## Bar Charts: Energy per MAC vs. Node Size for VGG19 and YOLOv3
### Overview
The image presents two bar charts comparing the energy per MAC (multiply-accumulate operation) for different components (DAC, ADC, SRAM, Laser) across various node sizes (180nm to 7nm) for two neural network architectures: VGG19 (left) and YOLOv3 (right). The y-axis represents energy per MAC in picojoules (pJ) on a logarithmic scale, while the x-axis represents the node size in nanometers (nm).
### Components/Axes
**Left Chart (VGG19):**
* **Title:** VGG19
* **Y-axis:** Energy per MAC [pJ] (logarithmic scale)
* Markers: 10<sup>-1</sup>, 10<sup>-2</sup>, 10<sup>-3</sup>, 10<sup>-4</sup>
* **X-axis:** Node [nm] (linear scale)
* Markers: 180, 130, 90, 65, 45, 32, 20, 16, 14, 10, 7
* **Legend (top-right):**
* Yellow: DAC (Digital-to-Analog Converter)
* Blue: ADC (Analog-to-Digital Converter)
* Green: SRAM (Static Random-Access Memory)
* Red: Laser
**Right Chart (YOLOv3):**
* **Title:** YOLOv3
* **Y-axis:** Energy per MAC [pJ] (logarithmic scale)
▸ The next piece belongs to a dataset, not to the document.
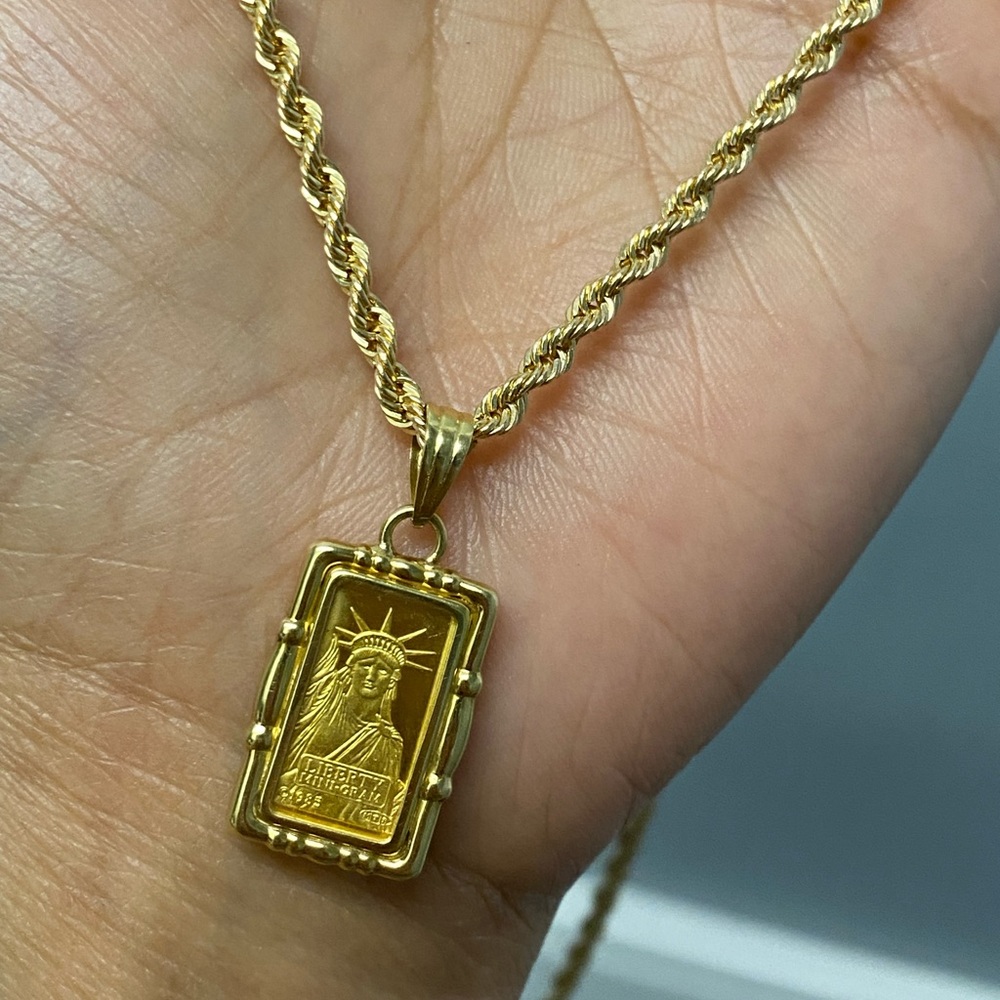 999.9 liberty pendant and the holder on the pendant is 18karat gold pure…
* Markers: 10<sup>-1</sup>, 10<sup>-2</sup>, 10<sup>-3</sup>, 10<sup>-4</sup>
* **X-axis:** Node [nm] (linear scale)
* Markers: 180, 130, 90, 65, 45, 32, 20, 16, 14, 10, 7
* **Legend (top-right):**
* Yellow: DAC (Digital-to-Analog Converter)
* Blue: ADC (Analog-to-Digital Converter)
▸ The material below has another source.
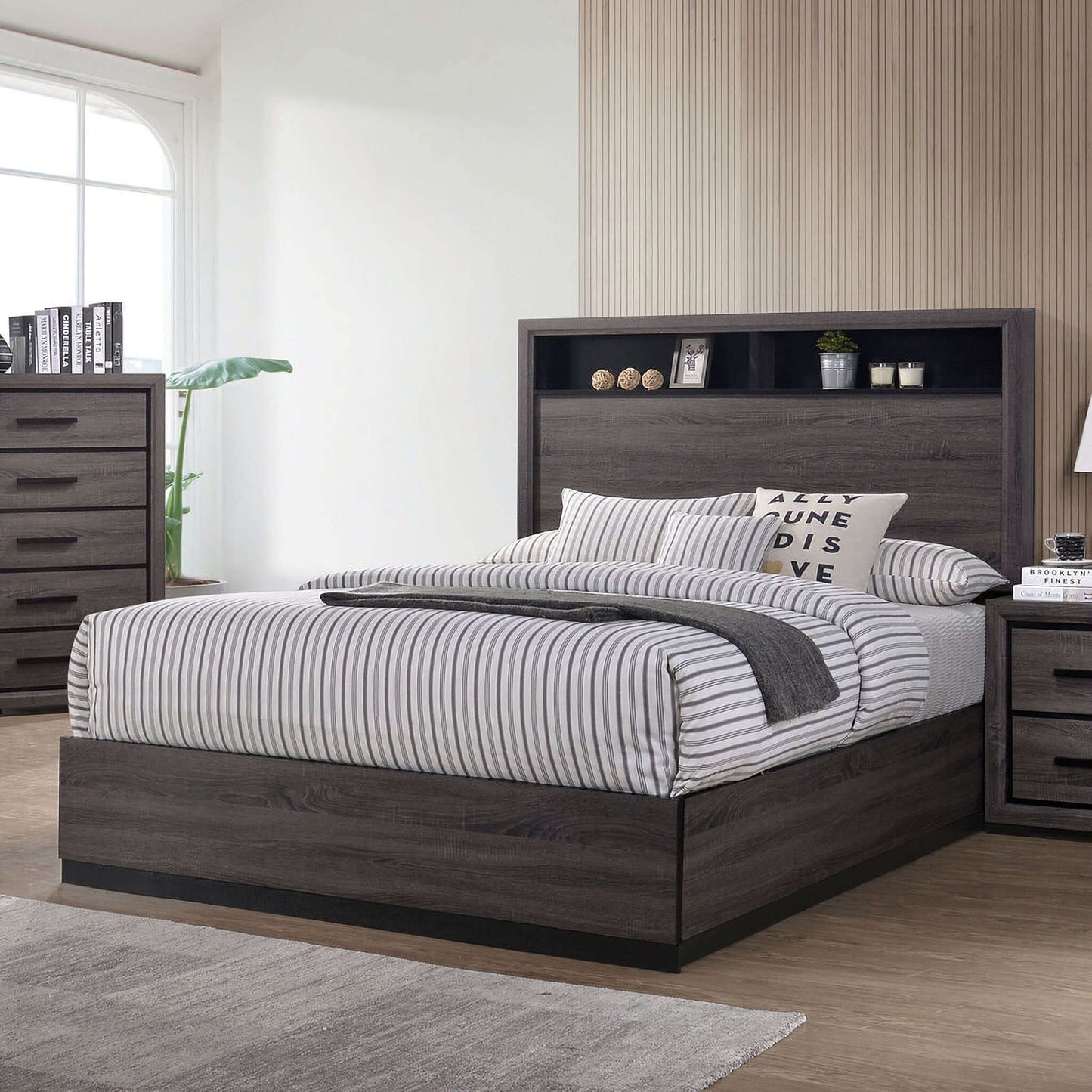 Conwy Queen Bed In Gray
* Green: SRAM (Static Random-Access Memory)
* Red: Laser
### Detailed Analysis
**VGG19 Chart:**
* **SRAM (Green):** The energy consumption of SRAM decreases as the node size decreases.
* 180nm: ~0.04 pJ
* 7nm: ~0.008 pJ
* **ADC (Blue):** The energy consumption of ADC decreases as the node size decreases.
* 180nm: ~0.015 pJ
* 7nm: ~0.002 pJ
* **Laser (Red):** The energy consumption of Laser decreases as the node size decreases.
* 180nm: ~0.005 pJ
* 7nm: ~0.001 pJ
* **DAC (Yellow):** The energy consumption of DAC decreases as the node size decreases.
* 180nm: ~0.001 pJ
* 7nm: ~0.0005 pJ
**YOLOv3 Chart:**
* **SRAM (Green):** The energy consumption of SRAM is relatively constant across different node sizes.
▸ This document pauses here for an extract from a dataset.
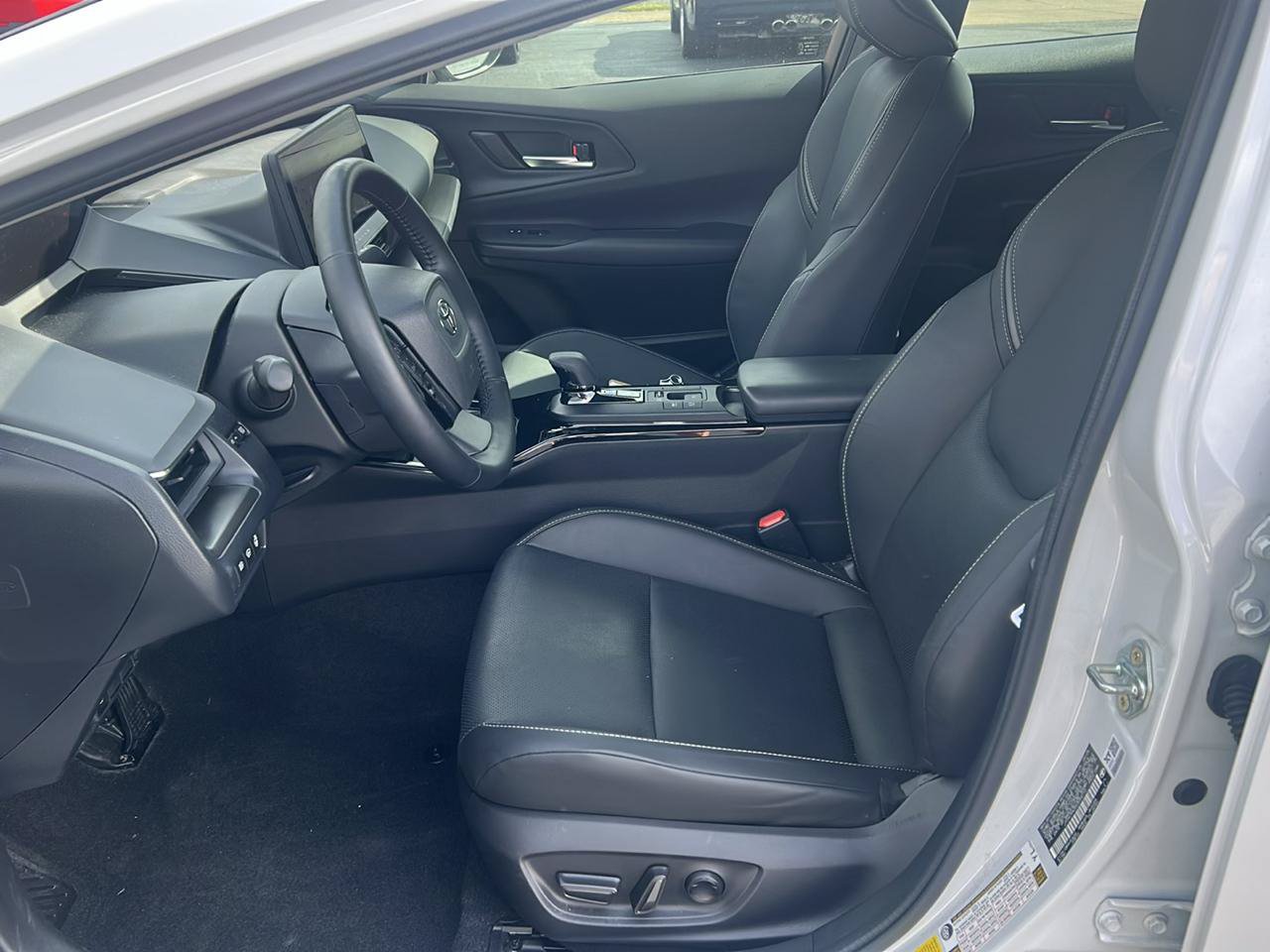 Used 2025 Toyota Prius FWD image 10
* Ranges between ~0.004 pJ and ~0.008 pJ
* **ADC (Blue):** The energy consumption of ADC is relatively constant across different node sizes.
* Ranges between ~0.0005 pJ and ~0.002 pJ
* **Laser (Red):** The energy consumption of Laser is relatively constant across different node sizes.
* Ranges between ~0.004 pJ and ~0.008 pJ
* **DAC (Yellow):** The energy consumption of DAC is relatively constant across different node sizes.
* Ranges between ~0.001 pJ and ~0.002 pJ
### Key Observations
* For VGG19, energy consumption for all components decreases as node size decreases. SRAM consistently has the highest energy consumption, followed by ADC, Laser, and DAC.
* For YOLOv3, energy consumption for all components remains relatively constant across different node sizes. DAC consistently has the lowest energy consumption, while SRAM and Laser have the highest.
* The energy consumption of SRAM is significantly higher than other components in VGG19, especially at larger node sizes.
* The energy consumption of ADC is significantly lower than other components in YOLOv3, especially at larger node sizes.
### Interpretation
The charts illustrate the impact of node size on the energy efficiency of different components within VGG19 and YOLOv3 neural network architectures. The VGG19 chart suggests that reducing node size can significantly improve the energy efficiency of all components, particularly SRAM. In contrast, the YOLOv3 chart indicates that energy consumption is less dependent on node size for this architecture. This could be due to differences in the architecture, memory access patterns, or other factors. The data suggests that optimizing memory components like SRAM is crucial for improving the overall energy efficiency of neural networks, especially for architectures like VGG19. The relatively constant energy consumption in YOLOv3 might indicate that other factors, such as data transfer or computational complexity, are more dominant in determining energy consumption for this architecture.